The V60: In this cup, while it’s still hot, it tastes a lot like a slice of Portillo’s chocolate cake. What’s that? You’re not from Chicago and thus haven’t been blessed with the experience of a Portillo’s chocolate cake? Well, to what can I liken this coffee then – a fudge nut brownie. It has a big, bold, and forward chocolate flavor with a very subtle dash of almond. I say subtle because, while I can taste it, I don’t want to commit to stating that it’s a nutty coffee. As it cools off, I tangerine acidity makes an appearance. Finally, at room temperature, this coffee becomes almost entirely different. A light and delicate white tea flavor comes out and the coffee becomes suddenly floral and fruity – the white tea, the rosiness, the citrus, and just a dash of pear and lemon.

The Chemex: In this cup, the tea-like delicacy and lightness make their appearance first, and it’s accompanied by a rose hip floral play. Again, though, as the cup cools off, a citrus acidity starts to show up; this time, though, instead of a tangy tangerine, the citrus is more like a blood orange – bold, juicy, and sweet. Then, at room temperature, a bed of raw cocoa, salted caramel, and brown sugar finishes the cup off.

The Clever: In this cup, again, the tea-like delicacy and lightness make their appearance first, but without the floral aromatics accompanying it. As the cup cools off a bit, the citrus acidity comes out – instead of oranges, though, the citrus is more like a zesty lemon; citric, but also a little zesty and sour. Then again, at room temperature, the chocolate that was so prevalent in the aroma and the V60 cup is thicker, more full-bodied, more pronounced; it also has a buttery sweetness and mouthfeel

Full body; light, buttery mouthfeel; orange citrus acidity; dry finish.

the bottom line:

When Mark Barany, owner and roastmaster of Kuma Coffee, offered to send me two packages of his coffee for review, I had no idea that he was going to send me two that were so incredible. The Sumatra Tano Batak (which I reviewed yesterday) was easily one of the best I’ve had so far this year, and today’s Guatemala Bella Carmona is certainly right up there with it.

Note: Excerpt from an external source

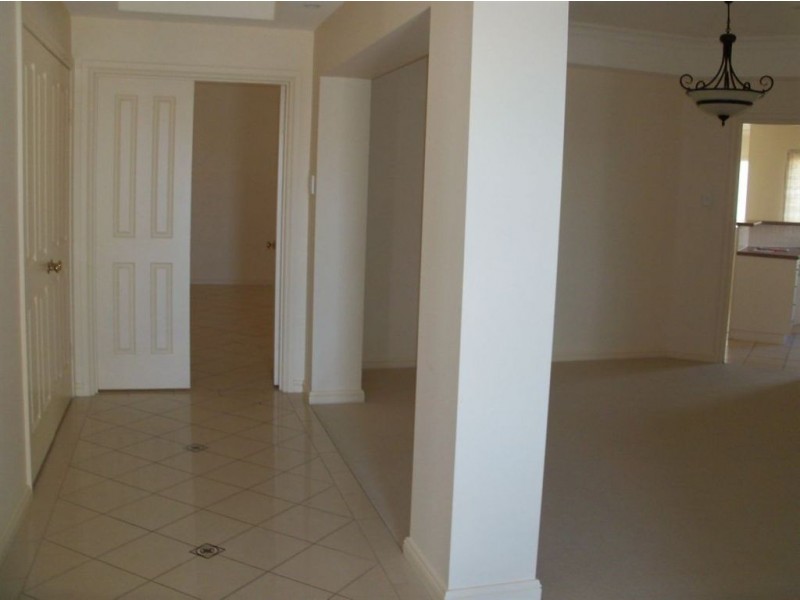 8 Paradale Drive, Tanunda SA 5352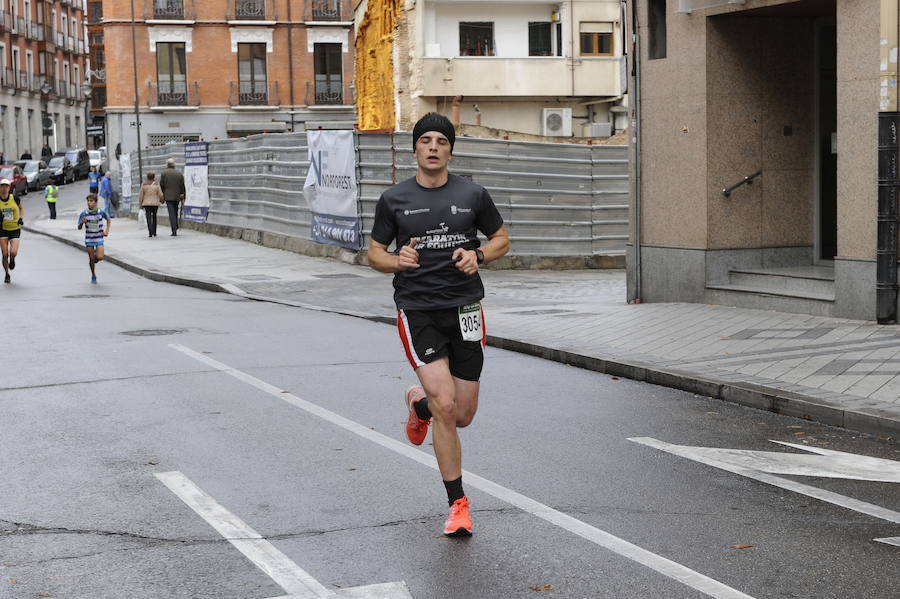 Marcha solidaria contra el cáncer en Valladolid (Fotos 1)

I can’t get over how rich and decadent this coffee is – after each sip, I caught myself wanting to lick icing off my fingers. It’s a heavy coffee that is reminiscent of chocolate cake and tangerine, but also possesses the lightness and delicacy of rose hips and white tea. What I found most interesting about it is, the first couple times I brewed it, it tasted heavily of chocolate, butter, and brown sugar then cooled off to white tea and citrus acidity; after about a week, with two different brewers, it tasted heavily of white tea and citrus then cooled off to chocolate, butter, and brown sugar. The tasting notes were the same, but reversed.

Regardless, though, it’s definitely worth checking out – certainly worth all of the hype. It will challenge your taste buds just as much as it will please them.